- **Records supplied**
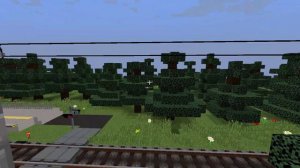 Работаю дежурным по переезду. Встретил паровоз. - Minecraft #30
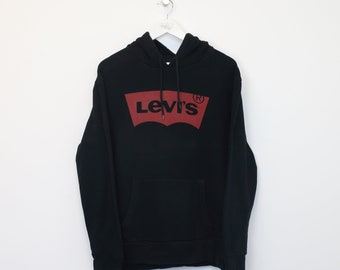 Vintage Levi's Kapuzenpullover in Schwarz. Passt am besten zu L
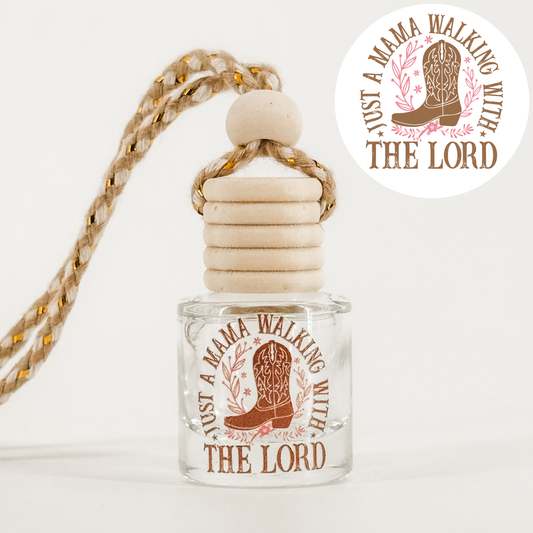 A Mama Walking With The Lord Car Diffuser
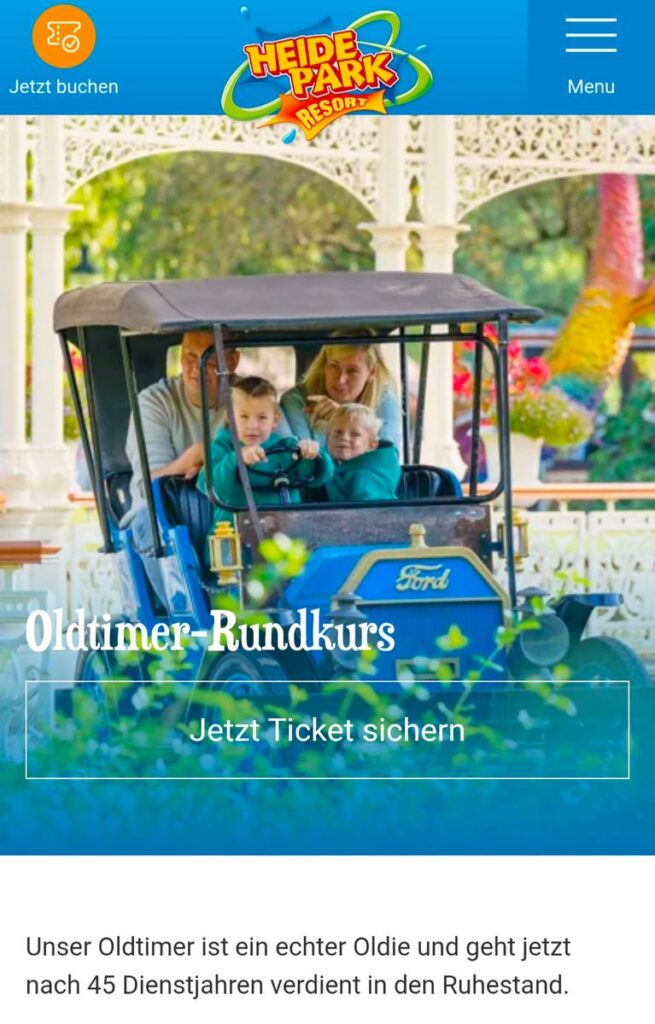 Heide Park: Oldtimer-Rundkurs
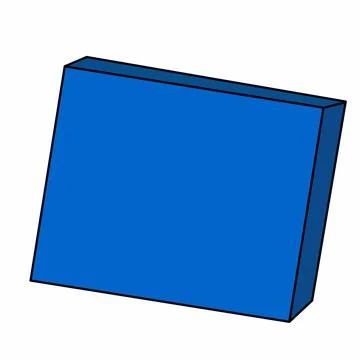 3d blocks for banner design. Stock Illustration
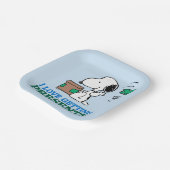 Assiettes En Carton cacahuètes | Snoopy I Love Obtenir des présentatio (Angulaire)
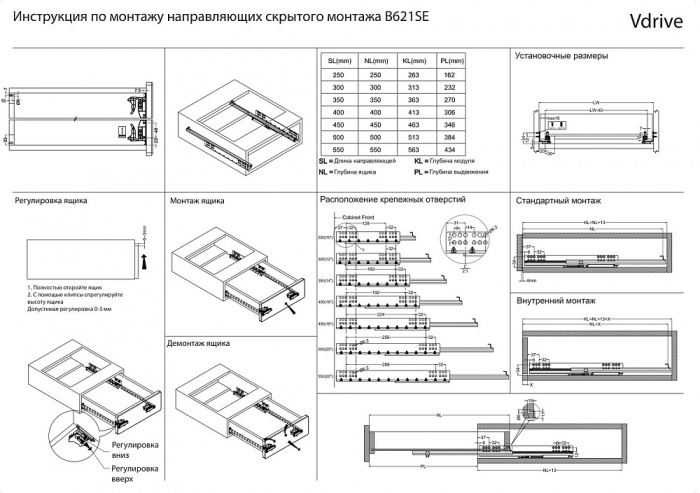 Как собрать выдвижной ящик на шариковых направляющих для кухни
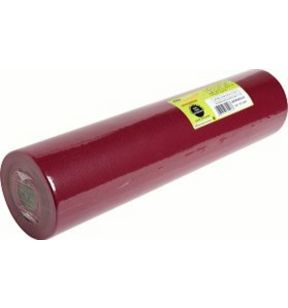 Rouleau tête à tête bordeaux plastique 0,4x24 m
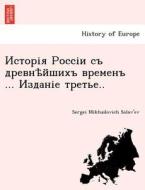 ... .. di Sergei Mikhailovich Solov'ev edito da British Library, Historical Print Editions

---

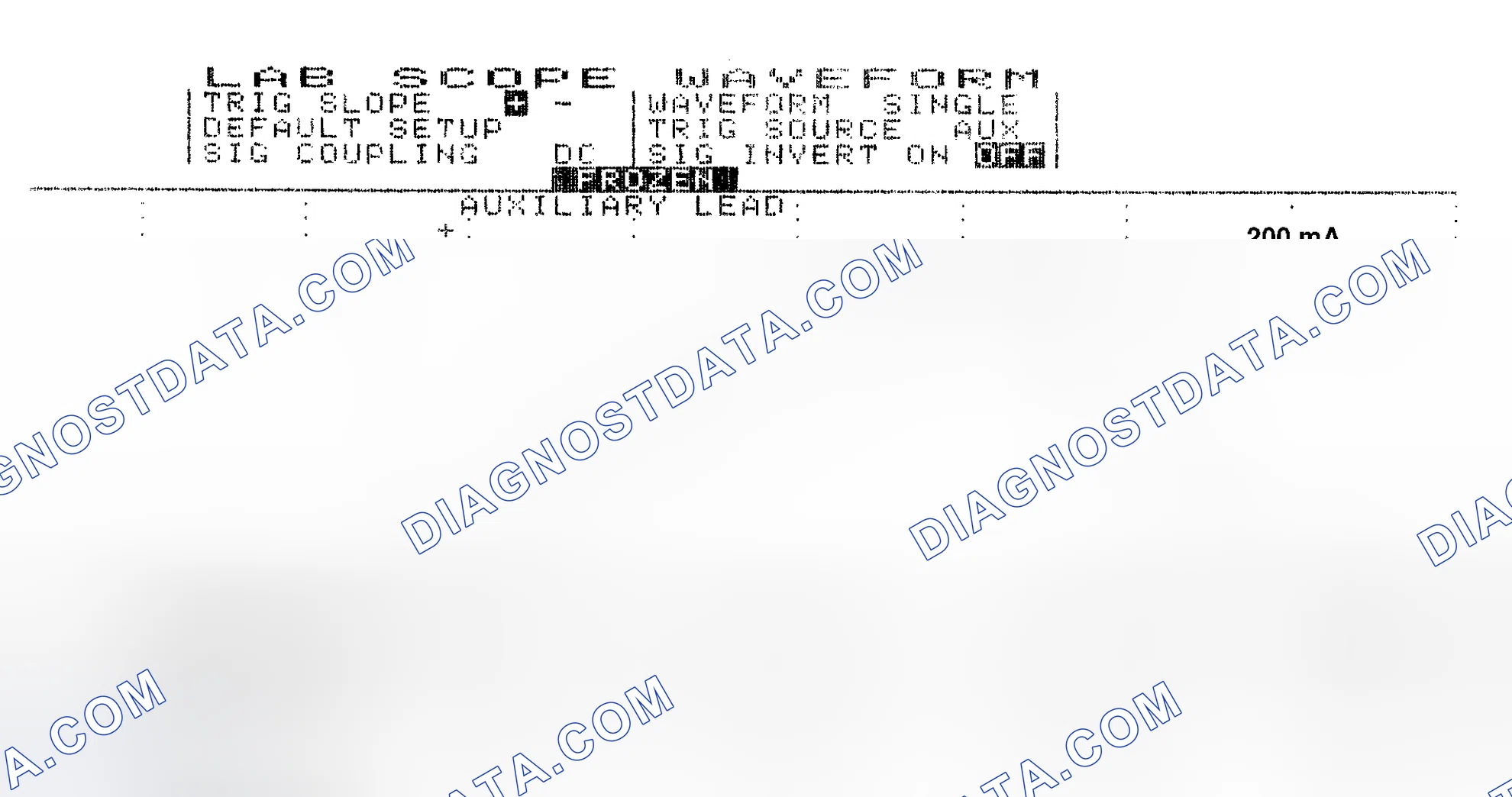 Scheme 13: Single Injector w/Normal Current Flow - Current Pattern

---

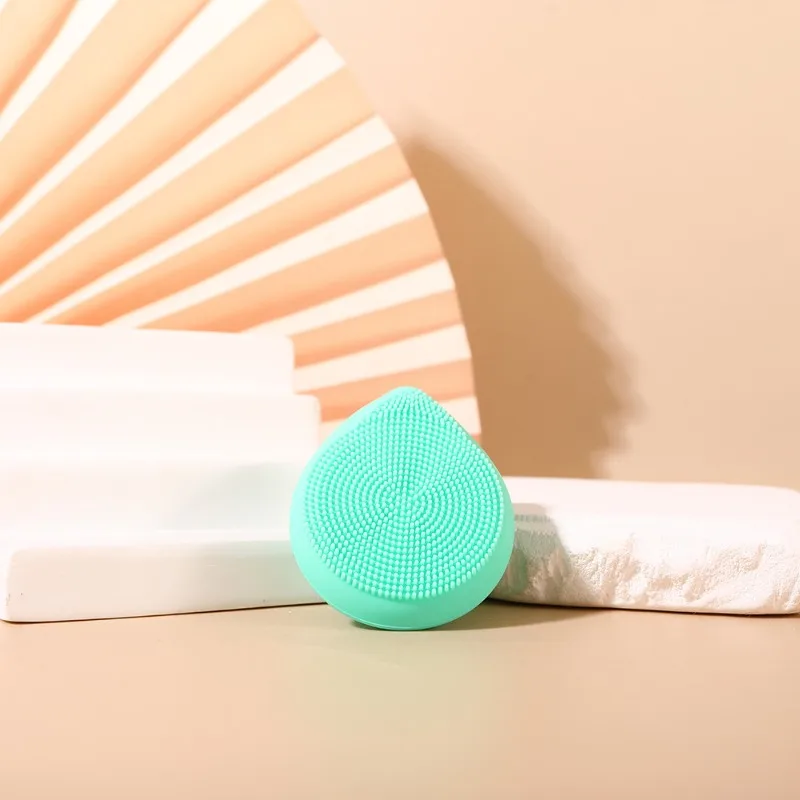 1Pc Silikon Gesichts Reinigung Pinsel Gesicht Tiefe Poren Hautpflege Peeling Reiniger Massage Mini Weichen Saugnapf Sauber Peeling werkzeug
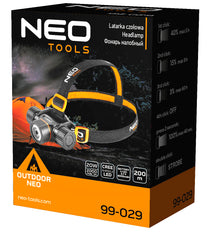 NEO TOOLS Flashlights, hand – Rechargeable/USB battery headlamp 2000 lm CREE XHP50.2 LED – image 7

- **To do**
Word for word, retype the lines in the entries above that run from the one with "Работаю дежурным по" through the one with "Historical Print Editions". Both ends count; pictures do not.

- **Response**
 Работаю дежурным по переезду. Встретил паровоз. - Minecraft #30
 Vintage Levi's Kapuzenpullover in Schwarz. Passt am besten zu L
 A Mama Walking With The Lord Car Diffuser
 Heide Park: Oldtimer-Rundkurs
 3d blocks for banner design. Stock Illustration
 Assiettes En Carton cacahuètes | Snoopy I Love Obtenir des présentatio (Angulaire)
 Как собрать выдвижной ящик на шариковых направляющих для кухни
 Rouleau tête à tête bordeaux plastique 0,4x24 m
 ... .. di Sergei Mikhailovich Solov'ev edito da British Library, Historical Print Editions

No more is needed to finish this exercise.